I know you from somewhere
: that’s what they yearned for him to say.
I know—I recognize who you are
.

In the cellars at the ROM, there is a labyrinth of halls and passageways that leads, through various degrees of light and temperature, to various sequestered rooms where various treasures lie in wait for someone to come and give them back their meaning. Bits and pieces, shards and corners of time—numbered, catalogued, guessed at.

Morris Glendenning stood in one of these rooms—perspiring, it so happened—holding in his fingers, his fingers encased in white cotton gloves—the very mask he had encountered first in its photographed image. The door behind him was closed.
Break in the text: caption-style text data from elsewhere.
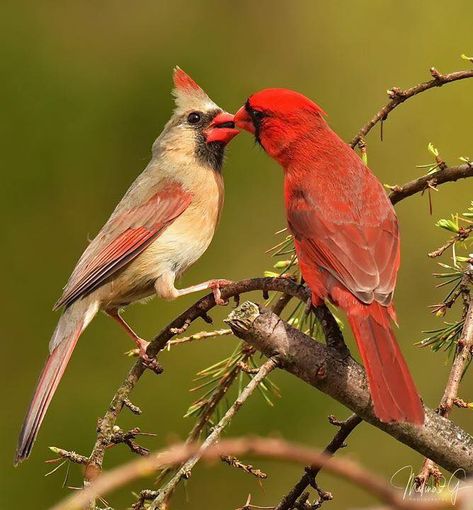 Gil Scott Heron, Bird Identification, Bird Sitting, Bird Hunting, Bird Watcher, Bird Supplies, Cardinal Birds, Red Bird, Bird Pictures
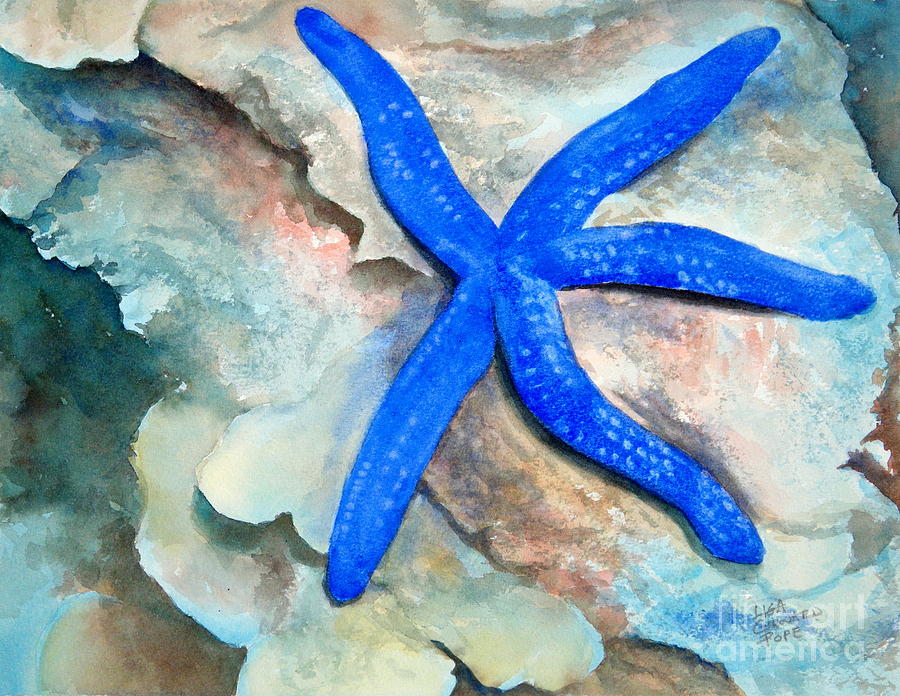 Clinging to the Reef Painting by Lisa Pope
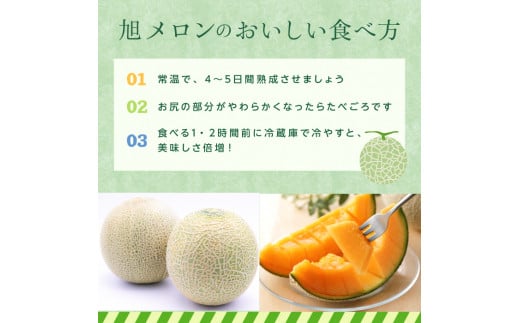 サングリーン旭【特秀】メロン（クインシー）3玉~5玉／約5kg前後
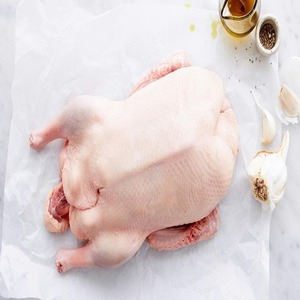 Compre al por mayor carne de pato entera congelada de calidad premium lista para exportación entrega rápida para restaurantes y minoristas - Product Image 6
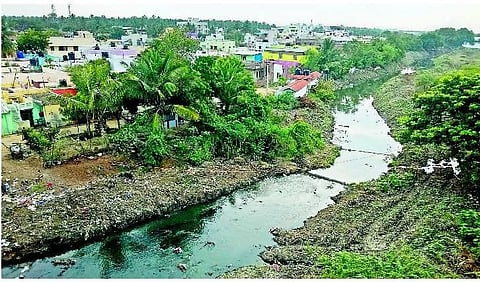 நொய்யல் இன்று 3: பஞ்சத்துக்கு மீன் தந்த அணை இன்று தருவது சொறி, சிரங்கு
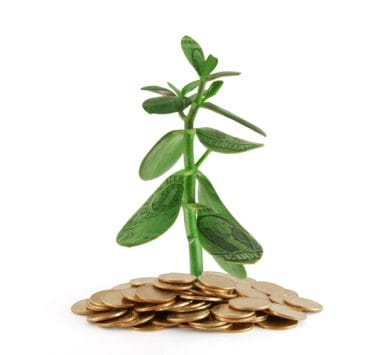 somatic-money_OMTimes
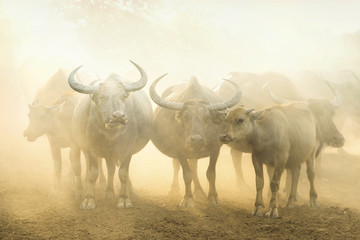 Buffalo herd in farm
The room—effectively—was sound-proofed by its very depth in the cellars and its distance from the active centre of the building. A dread, white light was all he had to see by: “daylight” shining from computered bulbs.

The mask’s companions—three in number—were set out, sterile on a sterile tray: the fox on its way to becoming a man.

He thought of surgery.

He thought of layers.

How small
, he thought;
the face is
.

Looking down at the others, beyond the mask he held, he counted over the variations and degrees of change—the fox in his hands at one extreme and the trio of variations, lying on their tray, burgeoning feature by feature into a close proximity of Oriental human beauty. The widely tilted, oval eyes of the fox became the evenly centered, almond eyes of a man. Of
a priest
, so the collection’s catalogue had told him.